Что касается «русскости», то впервые группа с такими признаками была выделена из категории «подданства» в жанровой гравюре. Именно там она была показана как автономная и даже преобладающая в империи синкретичная культура. В карикатуре двенадцатого года «русскому народу» было придано значение общности, основанной на гражданском согласии и едином прошлом. «Волшебный фонарь» показал проявления отечественного патриотизма в мирных условиях. В это же время официальный видеодискурс перекодировал образы граждански активных социальных низов в фольклорные знаки миролюбивой «славянскости» (скульптурные фигуры языческих богов и плясунов, этнические куклы, «мультяшные» образы в графике). В этом отношении творчество венециановцев стало отступлением от складывающейся традиции, поскольку перевело визуальный разговор о «русском» в плоскость «серьезных» репрезентаций: написанных маслом портретов и аутентичных жанровых сцен.
В отличие от «народа» образ России как тела империи создавался либо совокупностью элементов (таких, как картографические картуши, сюжеты в «Открываемой России» и «Народах России»), либо аллегорическими репрезентациями (на наградных медалях, в храмовой архитектуре, на триумфальных арках и в скульптурных композициях).
По всей видимости, исследуемые иконографические формы знания приучили россиян воображать и мыслить человеческие общности абстрактно. Пионер в описании человеческого разнообразия – костюмный жанр – породил символические образы для представления группы. В отличие от иконописного образа, отсылавшего к идеальной сущности библейского персонажа, «костюм» представлял не индивида, а некую совокупность людей. Для того чтобы увидеть в графическом образе групповой символ, от зрителя требовался определенный навык воображения. По всей видимости, он был сформирован в результате рассматривания лубочных картинок, в том числе на военные сюжеты, где казак воспринимался как знак всех воинов империи, а турок как символ многочисленных врагов. Однако это была дихотомичная конструкция «свой – чужой». В гравюрах же костюмного жанра она расслоилась на неопределенное число неоппозиционных по отношению друг к другу общностей. Рассматривая их, зритель привыкал к мысли о существовании множества «других», которых можно опознать по характерным атрибутам.

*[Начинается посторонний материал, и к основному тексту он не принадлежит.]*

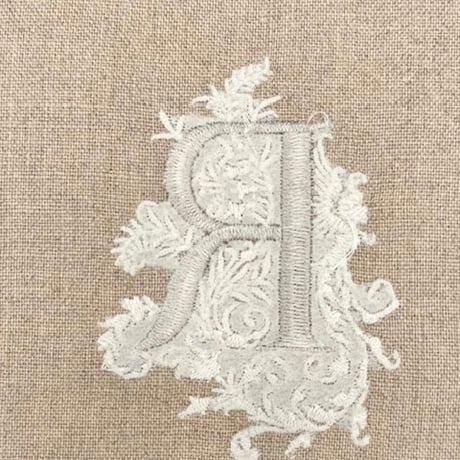 イニシャル刺繍付きリネン生地「R」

Появление сначала альбома, затем таблиц, а потом и иллюстраций с костюмами Х. Рота убедили современников в том, что Россия – многонародная страна. Подписи под рисунками указывали на различные места проживания групп в империи. Выработавшаяся таким образом привычка соотносить воображаемый народ с «землей» породила у зрителей новое территориальное сознание. Протяженность собственной страны они представляли как совокупность обитаемых пространств: «земли лопарей», «острова камчадалов», «кабардинцев горы» и пр.
Еще большего уровня абстрагирования – опознания человеческой общности через «обычаи и нравы» – потребовали от зрителя жанровые гравюры. Только привычка к их рассматриванию могла заставить современника видеть в участниках кулачных боев и игры в салочки русских, в участниках конных ристалищ – татар либо башкир, в охотниках с соколом – киргизов, а в ездоках на собачьей упряжке – камчадалов.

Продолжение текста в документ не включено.